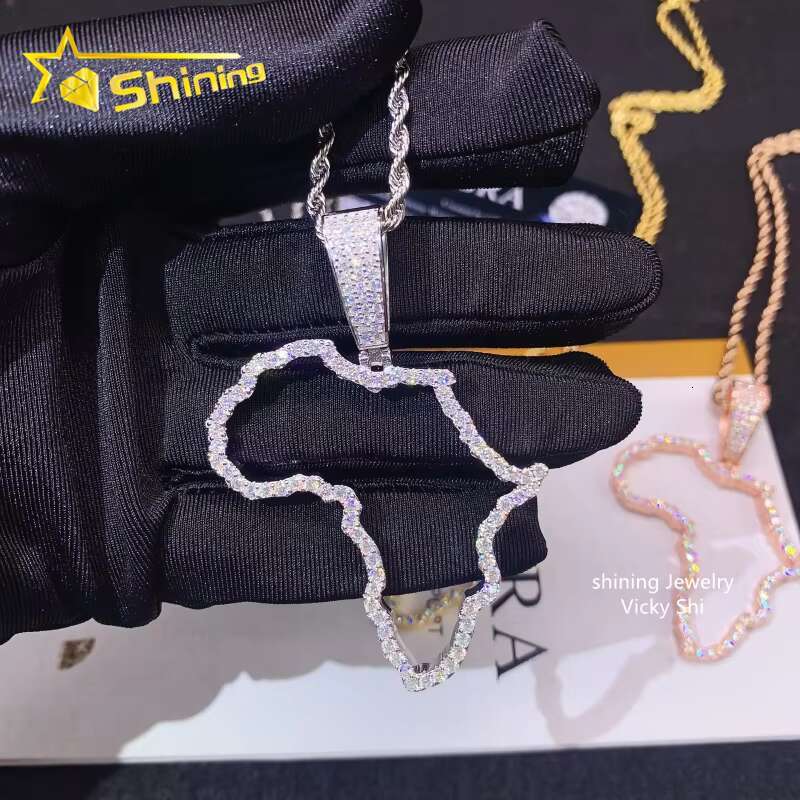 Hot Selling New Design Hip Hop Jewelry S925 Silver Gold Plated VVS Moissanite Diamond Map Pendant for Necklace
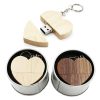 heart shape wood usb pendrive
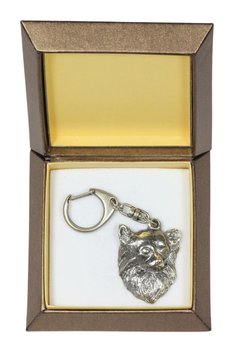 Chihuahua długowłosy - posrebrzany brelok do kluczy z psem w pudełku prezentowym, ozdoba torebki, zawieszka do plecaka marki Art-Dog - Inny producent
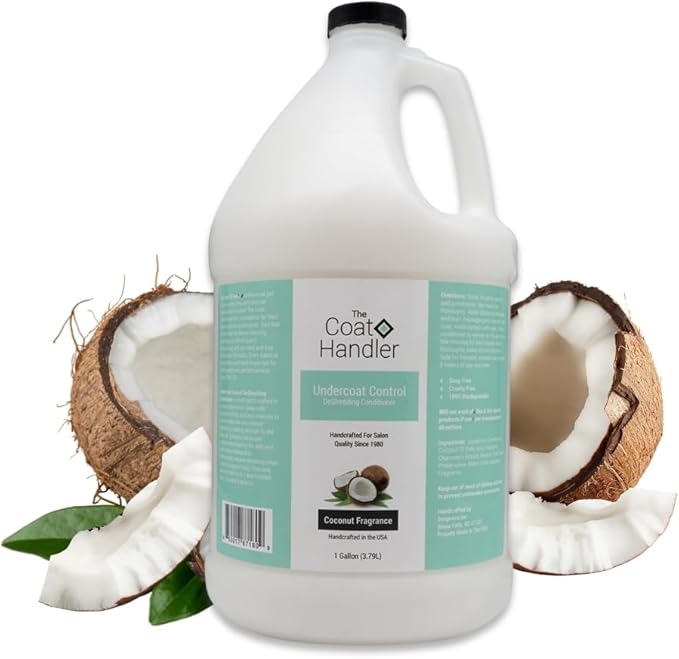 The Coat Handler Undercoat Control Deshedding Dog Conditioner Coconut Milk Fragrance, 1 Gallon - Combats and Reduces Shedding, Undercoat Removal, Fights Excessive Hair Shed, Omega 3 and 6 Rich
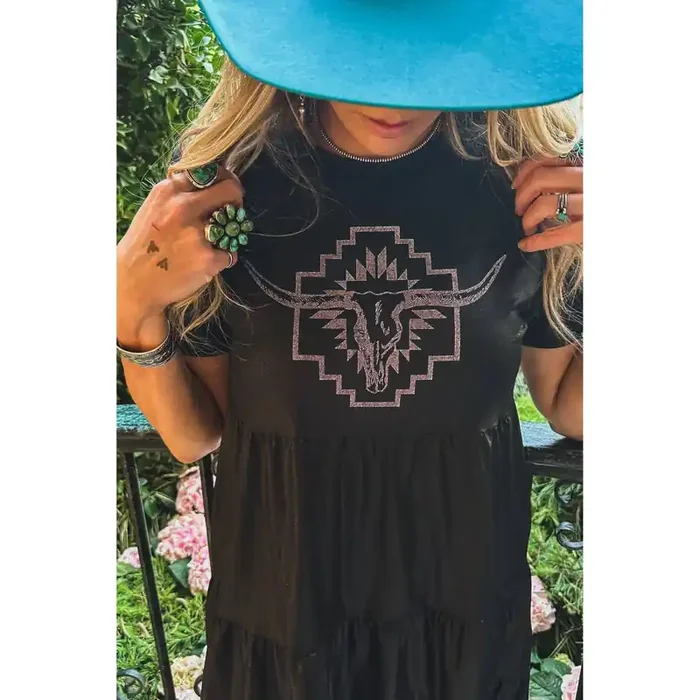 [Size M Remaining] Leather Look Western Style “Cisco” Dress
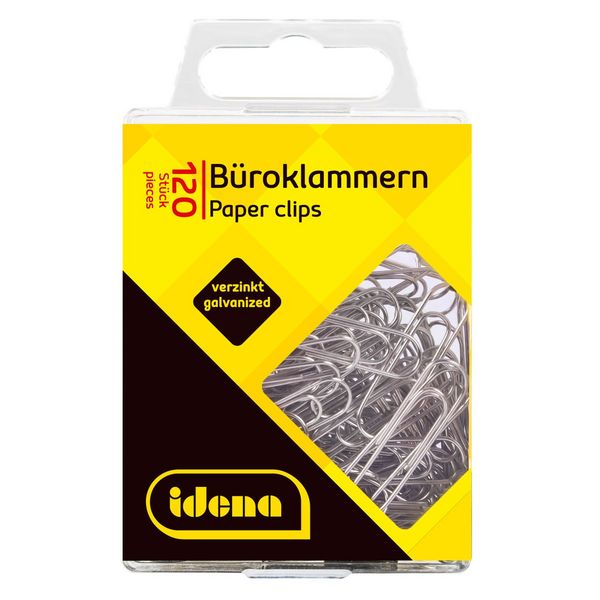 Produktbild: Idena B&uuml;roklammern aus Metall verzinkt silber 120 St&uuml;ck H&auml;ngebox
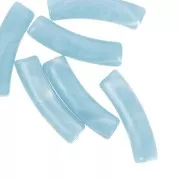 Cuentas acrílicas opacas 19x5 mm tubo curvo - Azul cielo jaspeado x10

--------

• **TASK DETAILS**
Copy out, unchanged, the span of lines beginning with the one that includes "heart shape wood usb pendrive" and running through the final line of the material above. Leave the pictures out.

• **ANSWER**
 heart shape wood usb pendrive
 Chihuahua długowłosy - posrebrzany brelok do kluczy z psem w pudełku prezentowym, ozdoba torebki, zawieszka do plecaka marki Art-Dog - Inny producent
 The Coat Handler Undercoat Control Deshedding Dog Conditioner Coconut Milk Fragrance, 1 Gallon - Combats and Reduces Shedding, Undercoat Removal, Fights Excessive Hair Shed, Omega 3 and 6 Rich
 [Size M Remaining] Leather Look Western Style “Cisco” Dress
 Produktbild: Idena B&uuml;roklammern aus Metall verzinkt silber 120 St&uuml;ck H&auml;ngebox
 Cuentas acrílicas opacas 19x5 mm tubo curvo - Azul cielo jaspeado x10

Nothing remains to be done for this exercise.